▽
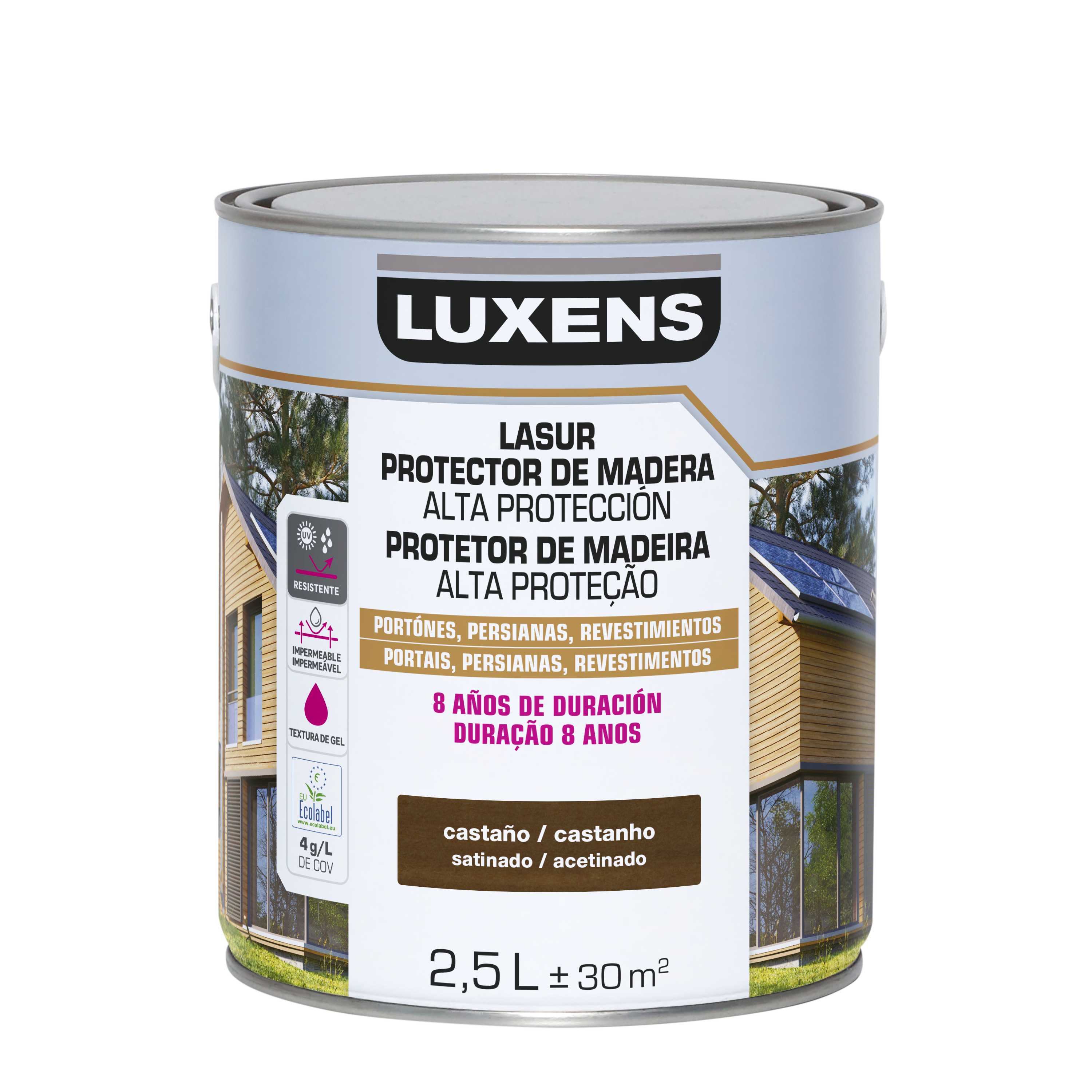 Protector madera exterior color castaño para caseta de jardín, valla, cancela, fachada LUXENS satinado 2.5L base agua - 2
△
▽
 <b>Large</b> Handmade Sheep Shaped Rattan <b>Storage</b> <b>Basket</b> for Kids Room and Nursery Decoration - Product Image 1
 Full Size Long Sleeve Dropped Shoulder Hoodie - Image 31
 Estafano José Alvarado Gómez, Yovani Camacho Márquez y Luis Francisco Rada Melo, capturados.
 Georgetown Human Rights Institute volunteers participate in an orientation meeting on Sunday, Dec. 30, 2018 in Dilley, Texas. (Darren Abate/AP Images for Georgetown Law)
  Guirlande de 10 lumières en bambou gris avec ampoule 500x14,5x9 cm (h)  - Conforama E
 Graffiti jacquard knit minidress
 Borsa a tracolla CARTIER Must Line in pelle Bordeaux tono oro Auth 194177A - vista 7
△
▽
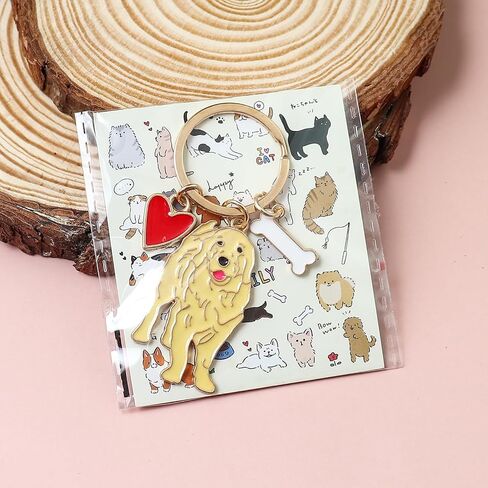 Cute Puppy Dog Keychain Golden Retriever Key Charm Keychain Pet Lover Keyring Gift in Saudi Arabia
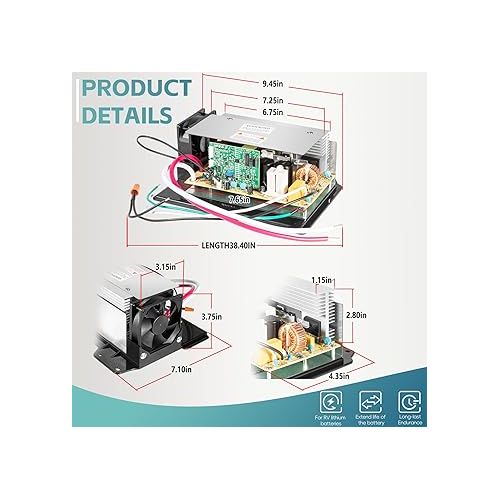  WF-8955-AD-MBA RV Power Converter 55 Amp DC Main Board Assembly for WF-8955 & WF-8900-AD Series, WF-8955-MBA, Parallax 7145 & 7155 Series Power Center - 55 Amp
△
After locating the line with "Georgetown Human Rights" above, return that line and every later line through the one with "Borsa a tracolla", word for word and with nothing else.

 Georgetown Human Rights Institute volunteers participate in an orientation meeting on Sunday, Dec. 30, 2018 in Dilley, Texas. (Darren Abate/AP Images for Georgetown Law)
  Guirlande de 10 lumières en bambou gris avec ampoule 500x14,5x9 cm (h)  - Conforama E
 Graffiti jacquard knit minidress
 Borsa a tracolla CARTIER Must Line in pelle Bordeaux tono oro Auth 194177A - vista 7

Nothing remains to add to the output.